Short web captions:
= = = =
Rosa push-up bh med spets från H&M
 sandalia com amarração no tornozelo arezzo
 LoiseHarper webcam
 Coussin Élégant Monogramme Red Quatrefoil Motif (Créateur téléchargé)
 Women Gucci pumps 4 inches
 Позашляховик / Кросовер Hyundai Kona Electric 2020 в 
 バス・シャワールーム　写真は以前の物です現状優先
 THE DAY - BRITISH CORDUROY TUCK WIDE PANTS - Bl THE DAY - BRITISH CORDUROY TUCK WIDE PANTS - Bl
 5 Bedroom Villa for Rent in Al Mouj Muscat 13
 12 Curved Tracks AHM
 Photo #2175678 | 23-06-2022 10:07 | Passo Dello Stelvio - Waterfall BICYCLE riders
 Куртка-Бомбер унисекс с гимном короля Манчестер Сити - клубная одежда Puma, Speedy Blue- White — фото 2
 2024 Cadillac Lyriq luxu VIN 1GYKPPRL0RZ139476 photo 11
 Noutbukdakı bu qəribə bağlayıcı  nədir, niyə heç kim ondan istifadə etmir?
= = = =
▶ _ABOUT THIS EXERCISE_: The whole of the data is to be returned with every line intact.

▶ _OUTPUT BELOW_:
Rosa push-up bh med spets från H&M
 sandalia com amarração no tornozelo arezzo
 LoiseHarper webcam
 Coussin Élégant Monogramme Red Quatrefoil Motif (Créateur téléchargé)
 Women Gucci pumps 4 inches
 Позашляховик / Кросовер Hyundai Kona Electric 2020 в 
 バス・シャワールーム　写真は以前の物です現状優先
 THE DAY - BRITISH CORDUROY TUCK WIDE PANTS - Bl THE DAY - BRITISH CORDUROY TUCK WIDE PANTS - Bl
 5 Bedroom Villa for Rent in Al Mouj Muscat 13
 12 Curved Tracks AHM
 Photo #2175678 | 23-06-2022 10:07 | Passo Dello Stelvio - Waterfall BICYCLE riders
 Куртка-Бомбер унисекс с гимном короля Манчестер Сити - клубная одежда Puma, Speedy Blue- White — фото 2
 2024 Cadillac Lyriq luxu VIN 1GYKPPRL0RZ139476 photo 11
 Noutbukdakı bu qəribə bağlayıcı  nədir, niyə heç kim ondan istifadə etmir?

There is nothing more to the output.